**Data to process:**
════════════════════

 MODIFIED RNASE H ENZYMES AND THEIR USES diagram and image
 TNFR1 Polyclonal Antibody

════════════════════

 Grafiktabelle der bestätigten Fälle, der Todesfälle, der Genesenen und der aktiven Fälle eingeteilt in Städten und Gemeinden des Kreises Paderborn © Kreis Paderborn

════════════════════

**Directions:**
Please return the lines above that run from the line containing "MODIFIED RNASE H" to the line containing "TNFR1 Polyclonal Antibody", inclusive, exactly and with no other lines.

**Reply to the task:**
 MODIFIED RNASE H ENZYMES AND THEIR USES diagram and image
 TNFR1 Polyclonal Antibody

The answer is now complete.